四面都是類似於半鏡化的漸變色設置,林立的承重柱、一整排迎賓的真皮沙發,配有對講機的工作人員來來往往,再配上故意打暗的燈光,既有一股莫名的奢靡風,卻又不顯得低俗。

尤其是迎賓前臺一堆女裝的小哥哥,更是清新脫俗。

她很少來KTV,更沒和雲印一起來過。

安瀾安靜地坐在沙發上,等候著雲印回來。

雲印……好像對這些流程很熟練,她經常來這裏嗎?

安瀾很驚訝。

不是她看不起KTV這些地方,只是她覺得,雲印那樣氣質的人,和這裏格格不入。而且,KTV很吵,印印一向是偏愛安靜的環境的。

沒過多久,裴瑩過來叫上安瀾,工作人員在前面引路,帶她們去訂好的包廂。

裴瑩給帶路的工作人員道完謝後,就坐上了左上角的演唱臺,用話筒問:“唱嗎?”

安瀾搖搖頭:“你先唱吧。”

裴瑩也不客氣,直接劃開手邊的點歌小觸屏,先點了幾首歌。

因為只有兩個人,所以訂了一間KTV最常見的小包。人太少,即使是小包,也顯得很寬敞。

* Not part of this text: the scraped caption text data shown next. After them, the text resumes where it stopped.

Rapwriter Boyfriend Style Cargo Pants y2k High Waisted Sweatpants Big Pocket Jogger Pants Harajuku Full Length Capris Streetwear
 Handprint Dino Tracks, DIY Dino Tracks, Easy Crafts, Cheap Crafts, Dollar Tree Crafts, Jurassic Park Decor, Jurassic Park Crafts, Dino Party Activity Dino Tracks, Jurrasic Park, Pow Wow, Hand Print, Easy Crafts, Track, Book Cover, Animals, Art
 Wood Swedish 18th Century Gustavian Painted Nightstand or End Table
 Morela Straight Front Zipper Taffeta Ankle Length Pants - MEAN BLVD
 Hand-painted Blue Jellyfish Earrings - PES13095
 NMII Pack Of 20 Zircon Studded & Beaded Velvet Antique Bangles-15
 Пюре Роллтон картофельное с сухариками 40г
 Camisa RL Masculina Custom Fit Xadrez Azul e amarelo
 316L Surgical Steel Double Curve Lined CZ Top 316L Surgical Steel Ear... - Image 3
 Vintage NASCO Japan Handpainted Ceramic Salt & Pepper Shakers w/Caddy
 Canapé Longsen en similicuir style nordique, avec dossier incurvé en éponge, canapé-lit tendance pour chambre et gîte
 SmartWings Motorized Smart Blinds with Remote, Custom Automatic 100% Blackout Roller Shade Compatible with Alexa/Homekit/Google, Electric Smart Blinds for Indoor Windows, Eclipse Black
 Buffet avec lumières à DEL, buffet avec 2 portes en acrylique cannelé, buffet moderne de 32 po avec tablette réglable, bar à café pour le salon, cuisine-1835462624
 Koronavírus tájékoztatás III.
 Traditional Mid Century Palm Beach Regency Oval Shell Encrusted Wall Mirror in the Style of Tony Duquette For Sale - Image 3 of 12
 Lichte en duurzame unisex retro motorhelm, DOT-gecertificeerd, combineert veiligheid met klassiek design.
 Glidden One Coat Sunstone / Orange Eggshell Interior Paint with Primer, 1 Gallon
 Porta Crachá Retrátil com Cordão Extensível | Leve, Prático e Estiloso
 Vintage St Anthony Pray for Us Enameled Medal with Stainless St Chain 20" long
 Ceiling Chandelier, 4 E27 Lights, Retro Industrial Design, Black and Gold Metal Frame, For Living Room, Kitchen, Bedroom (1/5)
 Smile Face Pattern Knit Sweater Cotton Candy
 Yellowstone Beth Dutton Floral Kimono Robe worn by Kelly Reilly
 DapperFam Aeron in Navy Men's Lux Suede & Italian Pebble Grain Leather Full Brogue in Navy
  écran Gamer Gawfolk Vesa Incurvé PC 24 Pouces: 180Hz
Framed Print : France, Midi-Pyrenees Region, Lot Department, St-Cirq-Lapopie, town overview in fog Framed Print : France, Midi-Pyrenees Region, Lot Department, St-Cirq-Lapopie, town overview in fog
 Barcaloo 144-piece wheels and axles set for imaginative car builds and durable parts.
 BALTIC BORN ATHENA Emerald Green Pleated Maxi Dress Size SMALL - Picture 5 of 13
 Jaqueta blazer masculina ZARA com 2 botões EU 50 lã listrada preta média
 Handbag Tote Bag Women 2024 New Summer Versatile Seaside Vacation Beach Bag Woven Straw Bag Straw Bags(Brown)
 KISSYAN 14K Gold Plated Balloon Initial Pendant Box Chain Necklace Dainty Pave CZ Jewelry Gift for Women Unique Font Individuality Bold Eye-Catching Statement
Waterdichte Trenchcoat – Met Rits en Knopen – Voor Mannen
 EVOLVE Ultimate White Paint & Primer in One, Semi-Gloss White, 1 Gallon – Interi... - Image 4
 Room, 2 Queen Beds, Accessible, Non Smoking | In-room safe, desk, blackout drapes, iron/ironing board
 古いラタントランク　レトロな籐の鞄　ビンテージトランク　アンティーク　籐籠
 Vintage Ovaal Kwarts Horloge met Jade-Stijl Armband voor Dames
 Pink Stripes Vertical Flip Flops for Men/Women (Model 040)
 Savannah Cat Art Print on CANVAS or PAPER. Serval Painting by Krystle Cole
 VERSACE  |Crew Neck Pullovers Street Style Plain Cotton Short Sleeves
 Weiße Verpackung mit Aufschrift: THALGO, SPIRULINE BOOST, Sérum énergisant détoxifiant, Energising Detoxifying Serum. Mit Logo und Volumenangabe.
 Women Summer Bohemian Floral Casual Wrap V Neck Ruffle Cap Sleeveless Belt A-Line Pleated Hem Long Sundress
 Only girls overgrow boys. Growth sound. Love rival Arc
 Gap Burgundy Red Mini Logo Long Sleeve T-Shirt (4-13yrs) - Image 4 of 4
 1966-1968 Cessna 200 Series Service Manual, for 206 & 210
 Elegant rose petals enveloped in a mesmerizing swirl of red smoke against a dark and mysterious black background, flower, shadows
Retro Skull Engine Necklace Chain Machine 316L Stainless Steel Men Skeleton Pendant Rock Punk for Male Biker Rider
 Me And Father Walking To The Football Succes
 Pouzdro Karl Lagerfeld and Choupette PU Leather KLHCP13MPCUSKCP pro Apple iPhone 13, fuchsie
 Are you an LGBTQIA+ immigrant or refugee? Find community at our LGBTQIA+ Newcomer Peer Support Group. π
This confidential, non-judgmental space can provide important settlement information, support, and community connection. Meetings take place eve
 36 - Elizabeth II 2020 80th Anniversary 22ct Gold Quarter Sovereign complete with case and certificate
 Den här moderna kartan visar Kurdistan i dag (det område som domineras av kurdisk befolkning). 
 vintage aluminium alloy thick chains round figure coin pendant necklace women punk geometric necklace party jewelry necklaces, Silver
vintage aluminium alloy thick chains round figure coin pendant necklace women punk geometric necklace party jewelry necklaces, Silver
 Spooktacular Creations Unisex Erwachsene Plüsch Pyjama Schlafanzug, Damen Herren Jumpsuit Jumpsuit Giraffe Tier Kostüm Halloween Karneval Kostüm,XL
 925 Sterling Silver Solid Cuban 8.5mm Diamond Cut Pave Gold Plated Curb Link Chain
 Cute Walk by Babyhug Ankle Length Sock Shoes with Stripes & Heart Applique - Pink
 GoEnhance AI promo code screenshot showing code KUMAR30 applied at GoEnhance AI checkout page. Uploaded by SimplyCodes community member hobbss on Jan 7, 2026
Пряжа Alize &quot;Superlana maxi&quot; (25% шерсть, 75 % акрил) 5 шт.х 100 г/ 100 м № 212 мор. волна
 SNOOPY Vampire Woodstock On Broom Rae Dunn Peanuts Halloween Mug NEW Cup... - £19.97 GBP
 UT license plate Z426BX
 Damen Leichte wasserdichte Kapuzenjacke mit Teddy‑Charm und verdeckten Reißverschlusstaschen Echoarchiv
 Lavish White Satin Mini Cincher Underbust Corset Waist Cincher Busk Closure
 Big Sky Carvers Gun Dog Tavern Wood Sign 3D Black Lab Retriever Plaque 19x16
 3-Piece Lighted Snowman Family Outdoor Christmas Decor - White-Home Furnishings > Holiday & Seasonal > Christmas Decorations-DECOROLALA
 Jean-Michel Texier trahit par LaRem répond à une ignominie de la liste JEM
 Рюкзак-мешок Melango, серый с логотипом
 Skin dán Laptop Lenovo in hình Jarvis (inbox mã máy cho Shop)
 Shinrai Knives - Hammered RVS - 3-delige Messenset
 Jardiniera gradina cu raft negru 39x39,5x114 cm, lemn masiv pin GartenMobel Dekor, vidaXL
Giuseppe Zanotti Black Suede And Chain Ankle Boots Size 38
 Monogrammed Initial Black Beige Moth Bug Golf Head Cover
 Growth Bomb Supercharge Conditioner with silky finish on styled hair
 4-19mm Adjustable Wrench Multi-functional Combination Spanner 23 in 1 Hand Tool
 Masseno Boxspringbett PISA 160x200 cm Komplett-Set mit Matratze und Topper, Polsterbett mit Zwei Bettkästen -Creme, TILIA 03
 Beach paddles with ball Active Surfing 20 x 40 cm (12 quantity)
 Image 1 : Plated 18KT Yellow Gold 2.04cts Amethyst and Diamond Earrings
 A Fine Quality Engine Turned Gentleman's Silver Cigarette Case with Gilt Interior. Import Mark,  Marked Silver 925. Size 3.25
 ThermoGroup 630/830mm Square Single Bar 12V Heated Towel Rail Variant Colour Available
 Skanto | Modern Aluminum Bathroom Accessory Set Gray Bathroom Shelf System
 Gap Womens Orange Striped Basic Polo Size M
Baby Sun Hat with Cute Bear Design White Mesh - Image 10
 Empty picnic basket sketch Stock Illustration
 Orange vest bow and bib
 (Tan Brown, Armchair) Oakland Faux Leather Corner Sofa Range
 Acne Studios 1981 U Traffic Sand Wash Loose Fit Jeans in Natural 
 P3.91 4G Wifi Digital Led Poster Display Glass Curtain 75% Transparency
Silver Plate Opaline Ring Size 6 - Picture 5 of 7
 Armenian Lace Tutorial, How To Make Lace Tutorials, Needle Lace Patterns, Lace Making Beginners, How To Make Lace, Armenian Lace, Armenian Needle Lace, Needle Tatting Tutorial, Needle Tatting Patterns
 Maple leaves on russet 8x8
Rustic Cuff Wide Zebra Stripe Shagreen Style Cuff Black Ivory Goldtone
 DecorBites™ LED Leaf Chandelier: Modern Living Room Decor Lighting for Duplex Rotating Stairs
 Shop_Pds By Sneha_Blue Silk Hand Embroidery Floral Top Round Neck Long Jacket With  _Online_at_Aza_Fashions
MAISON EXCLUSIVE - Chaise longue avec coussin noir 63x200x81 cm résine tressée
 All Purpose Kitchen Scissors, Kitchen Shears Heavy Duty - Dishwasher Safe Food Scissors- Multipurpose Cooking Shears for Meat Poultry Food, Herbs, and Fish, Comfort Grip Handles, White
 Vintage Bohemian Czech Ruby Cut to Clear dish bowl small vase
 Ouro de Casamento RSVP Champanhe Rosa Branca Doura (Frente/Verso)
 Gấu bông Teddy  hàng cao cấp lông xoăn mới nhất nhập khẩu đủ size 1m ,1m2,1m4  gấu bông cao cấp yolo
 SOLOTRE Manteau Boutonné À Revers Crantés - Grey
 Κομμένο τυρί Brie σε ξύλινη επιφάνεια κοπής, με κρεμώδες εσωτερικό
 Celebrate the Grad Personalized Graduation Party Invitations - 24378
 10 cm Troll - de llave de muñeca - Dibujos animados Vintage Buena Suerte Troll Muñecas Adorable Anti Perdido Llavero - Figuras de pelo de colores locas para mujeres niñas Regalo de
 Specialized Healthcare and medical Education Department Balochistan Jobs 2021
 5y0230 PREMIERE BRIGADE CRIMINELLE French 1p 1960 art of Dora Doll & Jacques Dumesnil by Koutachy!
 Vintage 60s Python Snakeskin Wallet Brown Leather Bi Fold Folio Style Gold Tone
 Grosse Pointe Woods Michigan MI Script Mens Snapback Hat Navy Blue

左上角一個演唱臺,中間是大屏幕,右邊是門,門邊有一個洗手間,隔著前排的桌子後面是桌子與呈U型坐落的沙發。整個房間光線很暗,坐在柔軟的沙發上面沒放歌的話,甚至窩的有點困。

安瀾並不困,只是瞇著眼望著演唱臺上的人。

雲印今天換了一身黑色T恤,搭配簡單的牛仔褲和帆布鞋,卻依然很好看。天生衣架子的人,大抵都是如此。

此刻她坐在旋轉椅上左晃右晃地點歌,顯得輕松又愜意。

熟悉的BGM前奏響起。

雲印開的是伴奏,她清澈的聲音隨著伴奏流淌在整個包間:

“如花似夢,

是我們短暫的相逢。

纏綿細語,

胭脂淚飄落巷口中。

幽幽聽風聲心痛,

回憶嵌在殘月中。

愁思暗暗生難重逢,

沈醉癡人夢。

今生已不再尋覓,

逝去的容顏 嘆息,

冷清化一場游過往,

只剩花前癡夢。

寂寞畫鴛鴦相望,

是我在做多情種。

情深已不懂人憔悴,

消散煙雨中……”

裴瑩唱的很認真。

傷感的配樂加上雲印極好的歌喉,完美地演繹出了整首歌的遺憾、懷念與悲痛。

安瀾知道,這首歌叫《多情種,是首好聽卻傷情的歌。

印印她……是真的難過啊……

是因為黃梨嗎?

她看向雲印,第一次看不懂雲印的眼神。

似墨般深邃,像是隱藏了悲傷、沈郁還有迷茫的覆雜情緒,又似霧般水氣縈繞,仿佛蘊了無數眼淚,偏偏因著倔強掉不下來,多了層神秘的保護殼。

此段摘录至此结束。